• YOUR TASK
Look below for the line containing "Ранее Богатенкова была"; from there, print each line exactly up to and including the line containing "2017 DODGE GRAND CARAVAN SXT 4", and stop.

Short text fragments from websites
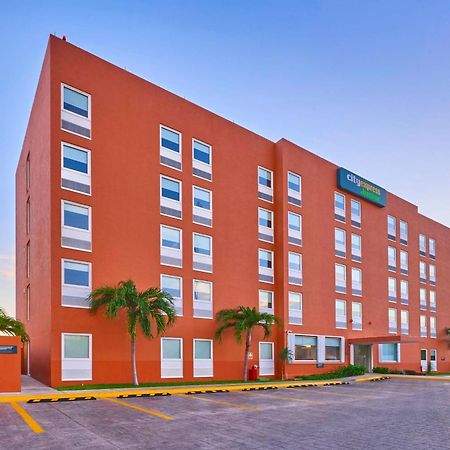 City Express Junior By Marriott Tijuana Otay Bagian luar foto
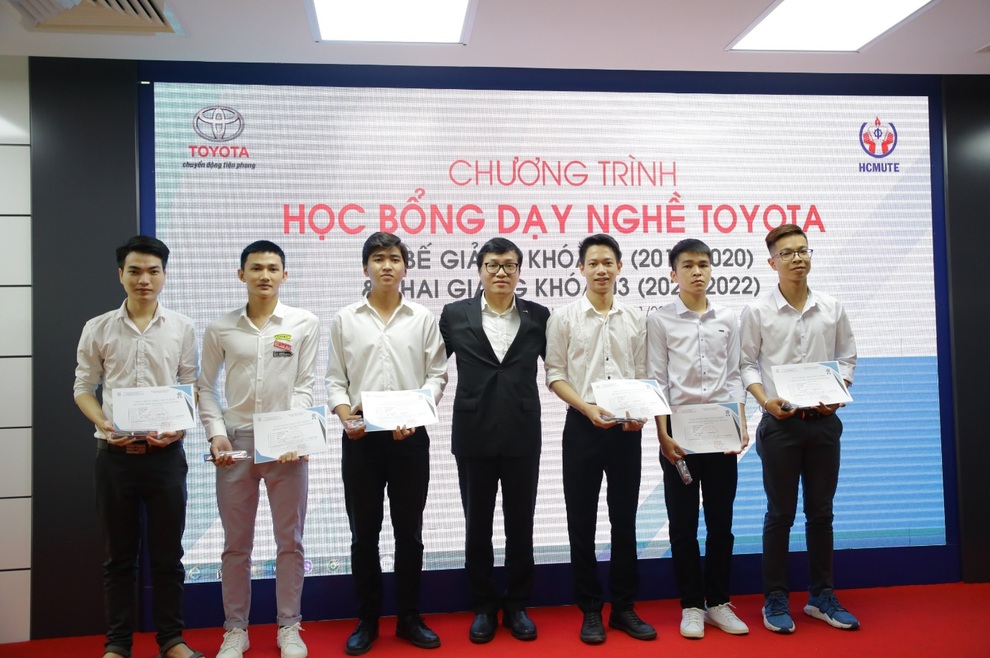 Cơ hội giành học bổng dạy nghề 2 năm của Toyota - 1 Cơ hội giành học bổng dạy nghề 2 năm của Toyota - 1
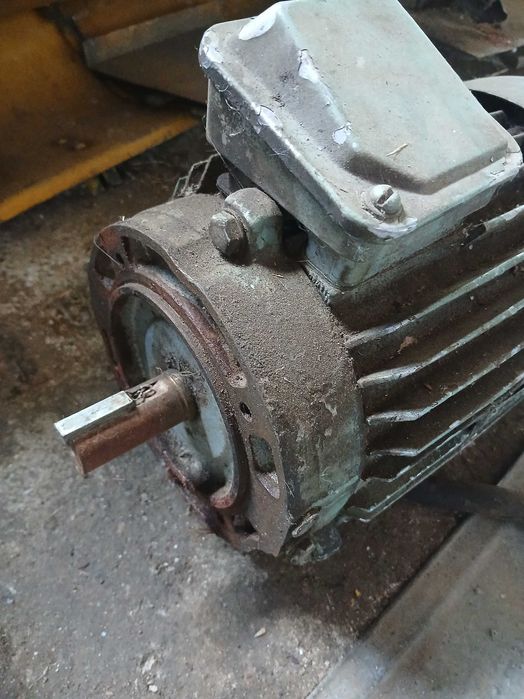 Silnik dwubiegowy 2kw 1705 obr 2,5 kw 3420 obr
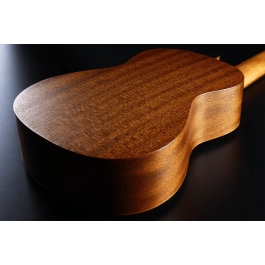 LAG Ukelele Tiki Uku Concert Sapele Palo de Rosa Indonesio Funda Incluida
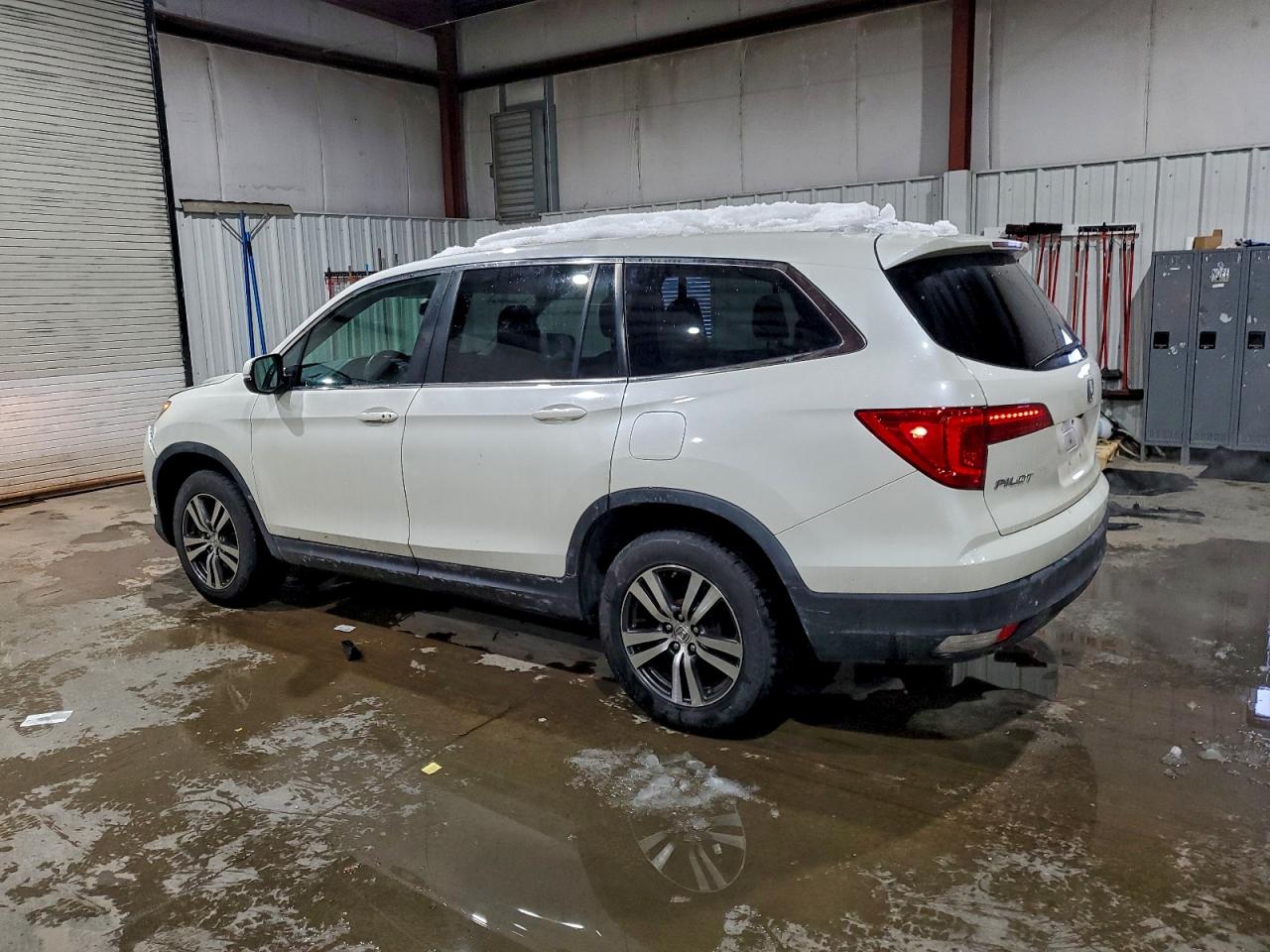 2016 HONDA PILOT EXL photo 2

* * *

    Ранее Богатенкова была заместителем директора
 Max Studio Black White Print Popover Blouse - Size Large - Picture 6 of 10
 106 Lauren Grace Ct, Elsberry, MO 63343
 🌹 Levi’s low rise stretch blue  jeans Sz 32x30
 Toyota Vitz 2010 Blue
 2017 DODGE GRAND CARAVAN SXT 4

• RESULT FOR THIS EXERCISE
    Ранее Богатенкова была заместителем директора
 Max Studio Black White Print Popover Blouse - Size Large - Picture 6 of 10
 106 Lauren Grace Ct, Elsberry, MO 63343
 🌹 Levi’s low rise stretch blue  jeans Sz 32x30
 Toyota Vitz 2010 Blue
 2017 DODGE GRAND CARAVAN SXT 4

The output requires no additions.